Beginning with the line that holds "Today, we are" and ending with the last line of the entries below, copy every line exactly and nothing else, with the pictures left out.

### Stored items
+ + +
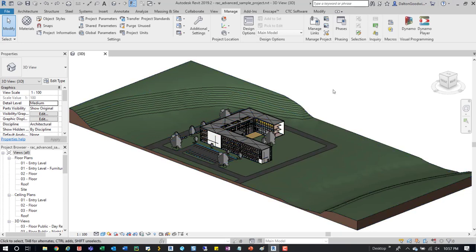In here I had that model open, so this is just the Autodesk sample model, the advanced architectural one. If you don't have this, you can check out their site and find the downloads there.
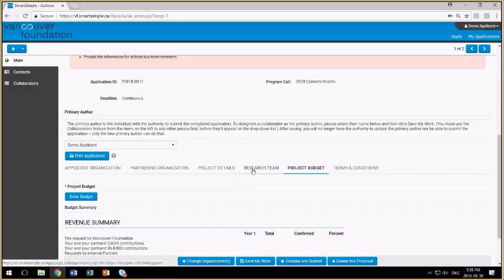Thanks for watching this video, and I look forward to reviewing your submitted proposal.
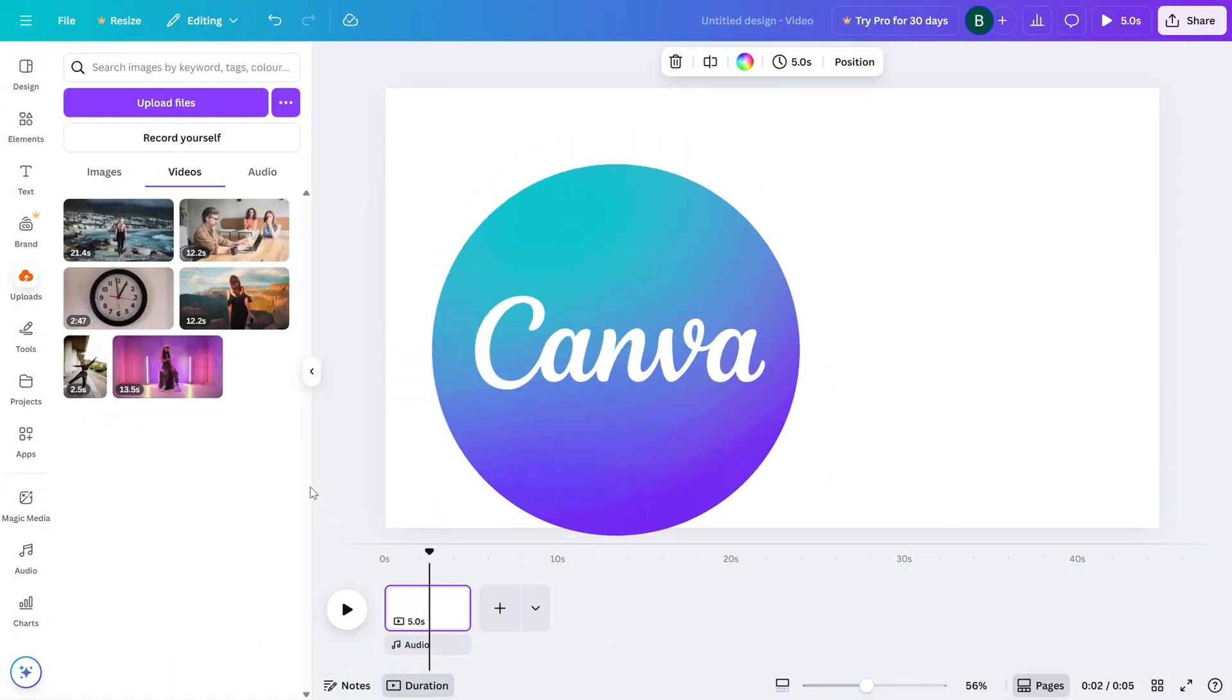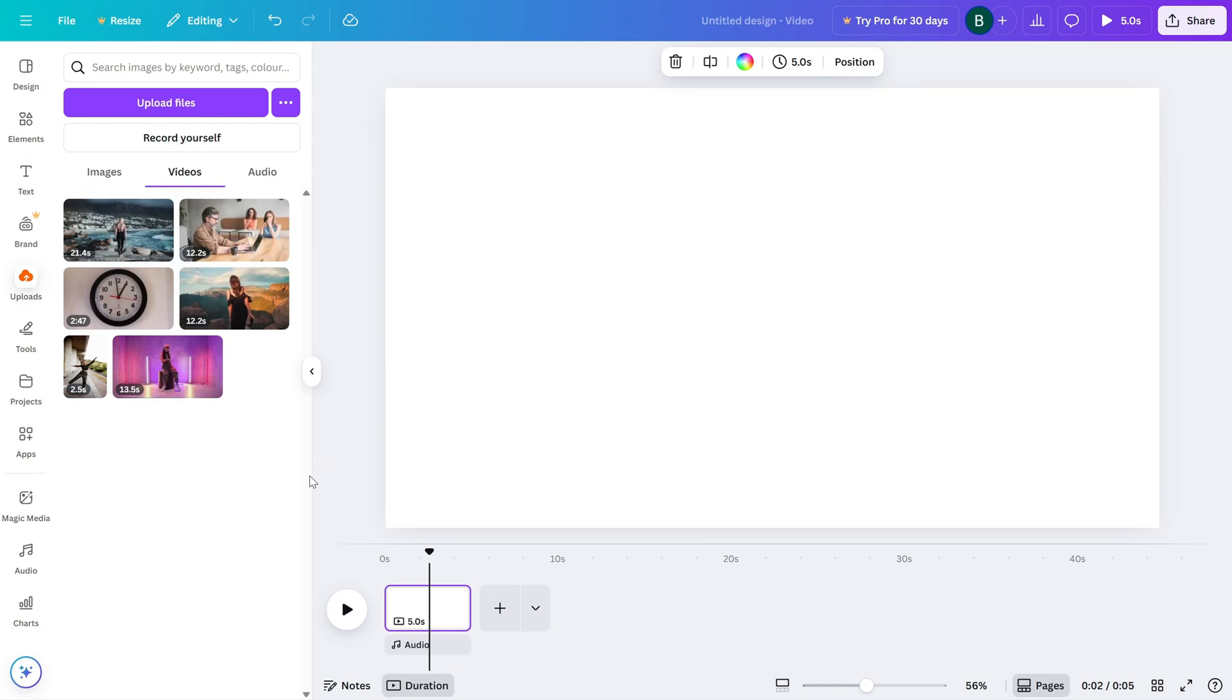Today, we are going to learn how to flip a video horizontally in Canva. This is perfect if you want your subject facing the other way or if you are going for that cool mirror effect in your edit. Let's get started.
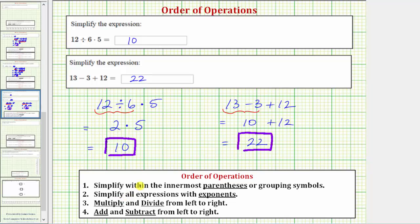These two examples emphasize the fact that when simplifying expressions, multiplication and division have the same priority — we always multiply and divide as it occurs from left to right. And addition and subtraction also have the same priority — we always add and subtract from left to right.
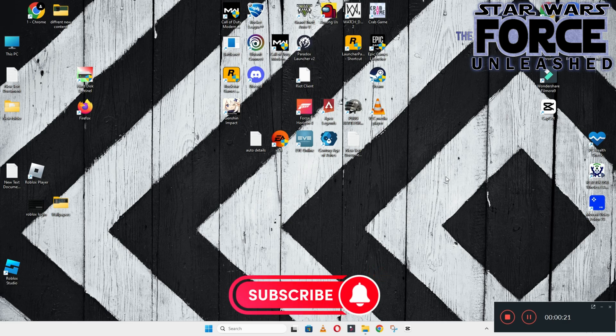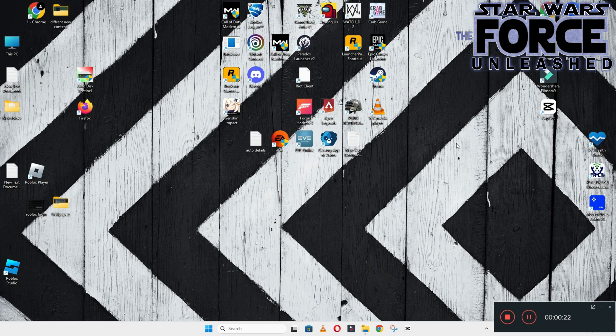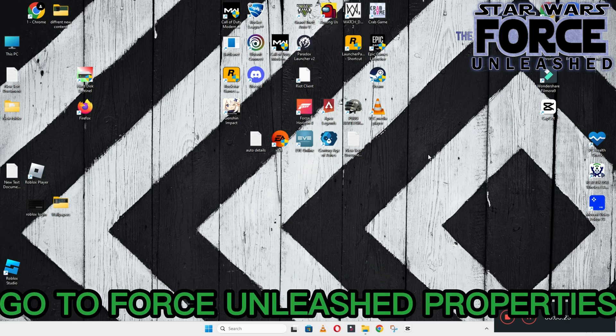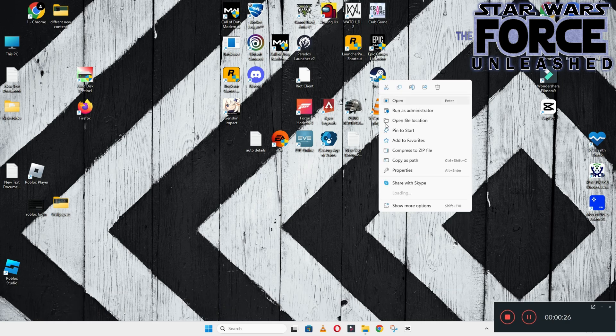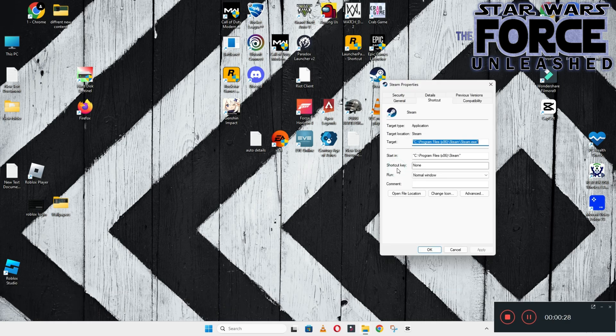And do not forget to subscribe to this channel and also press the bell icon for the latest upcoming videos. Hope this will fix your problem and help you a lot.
+ + +
### Completed task
Today, we are going to learn how to flip a video horizontally in Canva. This is perfect if you want your subject facing the other way or if you are going for that cool mirror effect in your edit. Let's get started.
These two examples emphasize the fact that when simplifying expressions, multiplication and division have the same priority — we always multiply and divide as it occurs from left to right. And addition and subtraction also have the same priority — we always add and subtract from left to right.
And do not forget to subscribe to this channel and also press the bell icon for the latest upcoming videos. Hope this will fix your problem and help you a lot.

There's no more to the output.